7.4 Mean Centering Predictors
In this case, and in many other cases, the intercept does not have a ‘useful’ interpretation for the empirical example. This is because no students had a Grade 1 verbal score equal to 0.
Therefore, if we want to make the intercept more meaningful, we need to make a Grade 1 verbal score with a more meaningful 0 point. Typically we center the predictor variables in regression analysis.
For example, we create a centered variable, \(x^{*}_{1i}\) by subtracting the sample mean, \(\bar{x_1}\) from each observation,
\[ x^{*}_{1i} = x_{1i} - \bar{x_1} \]
Our model becomes
\[ y_i = b_0(1_i) + b_1(x^{*}_{1i}) + \epsilon_i \]
We can sample-mean center \(verb_{1i}\) in R as follows
#calculate the mean centered variable
wiscsub$verb1_star <- wiscsub$verb1 - mean(wiscsub$verb1, na.rm = TRUE)
Then we can fit a new model using \(verb^{*}_{1i}\), such that
\[ verb_{2i} = b_0(1_i) + b_1(verb^{*}_{1i}) + \epsilon_i \]
##
## Call:
## lm(formula = verb2 ~ 1 + verb1_star, data = wiscsub, na.action = na.exclude)
##
## Residuals:
## Min 1Q Median 3Q Max
## -11.5305 -3.0362 0.2526 2.7147 12.5020
##
## Coefficients:
## Estimate Std. Error t value Pr(>|t|)
## (Intercept) 25.41534 0.29831 85.20 <2e-16 ***
## verb1_star 0.75495 0.05149 14.66 <2e-16 ***
## ---
## Signif. codes: 0 '***' 0.001 '**' 0.01 '*' 0.05 '.' 0.1 ' ' 1
##
## Residual standard error: 4.261 on 202 degrees of freedom
## Multiple R-squared: 0.5156, Adjusted R-squared: 0.5132
## F-statistic: 215 on 1 and 202 DF, p-value: < 2.2e-16
Note: Mean centering should be used to aid interpretation.
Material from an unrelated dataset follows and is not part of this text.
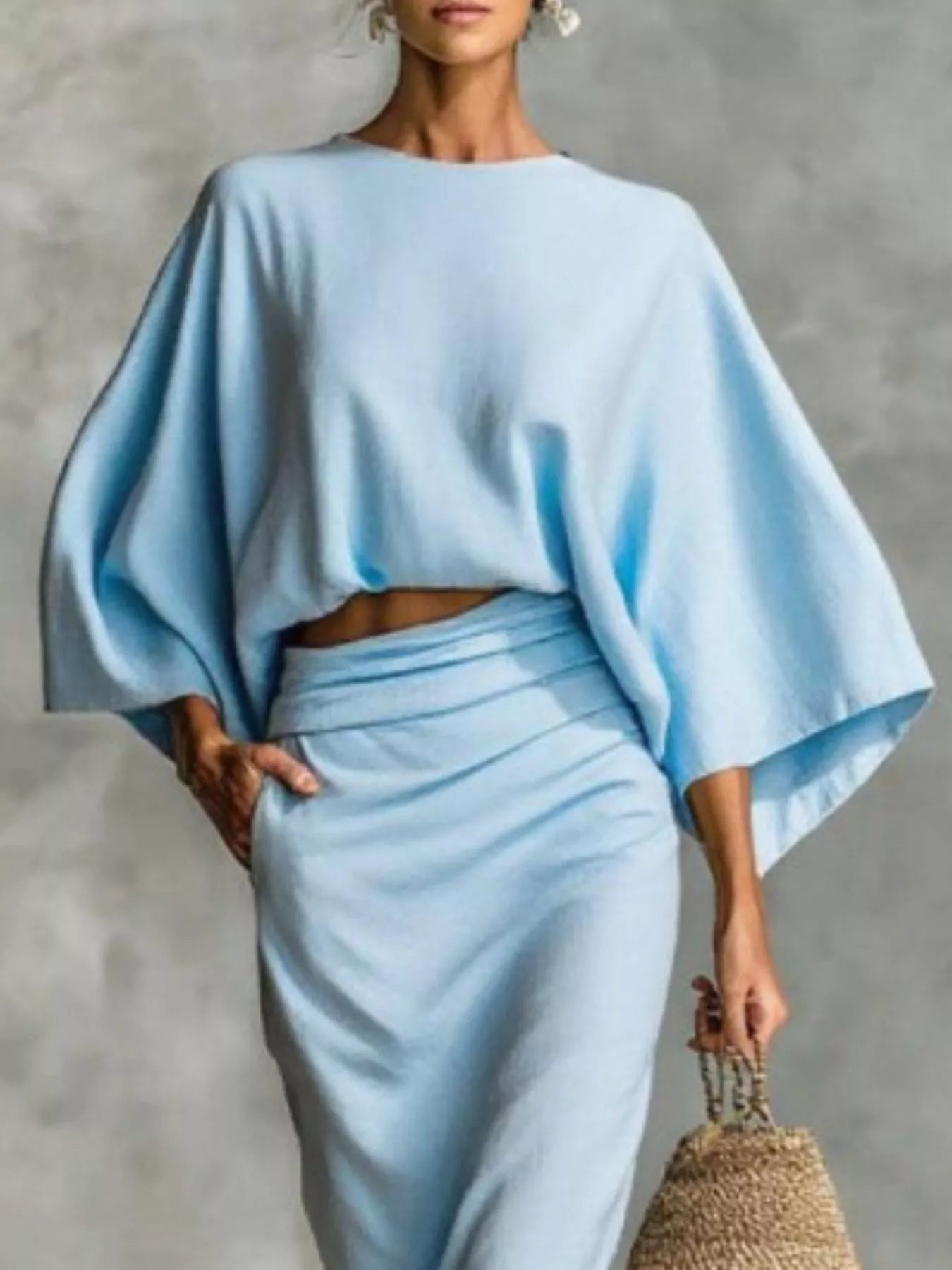 Full Size Kimono Sleeve Top and Ruched Skirt Set Plus Size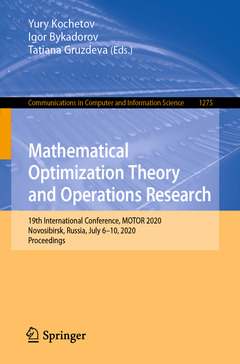 Couverture de l’ouvrage Mathematical Optimization Theory and Operations Research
Historically, it has been suggested that mean centering will reduce multicollinearity, however this is not the case. See for more information.
7.4.1 Interpreting Model Parameters
Note that the estimate for the slope \(b_1\) stays the same, but the estimate for the intercept is different. This is because the variable ‘verb1_star’ equals 0 when a child has an average 1st grade verbal score. Therefore the expected value for the 2nd grade verbal score, for a child with an average 1st grade verbal score, is 25.41534.
7.4.2 Plotting Regression Line
ggplot(data=wiscsub, aes(x=verb1_star,y=verb2)) +
geom_point(size = 2, shape=19) +
geom_smooth(method=lm,se=TRUE,fullrange=TRUE,colour="red", size=2) +
labs(x= "Sample-Centered Verbal Ability Grade 1", y= "Verbal Ability Grade 2") +
xlim(-20,20) +
ylim(0,50) +
#theme with white background
theme_bw() +
#eliminate background, gridlines, and chart border
theme(
plot.background = element_blank()
,panel.grid.major = element_blank()
,panel.grid.minor = element_blank()
,panel.border = element_blank()
) +
#draws x and y axis line
theme(axis.line = element_line(color = 'black')) +
#set size of axis labels and titles
theme(axis.text = element_text(size=12),
axis.title = element_text(size=14))
## `geom_smooth()` using formula = 'y ~ x'
Note the change of scale on the x-axis.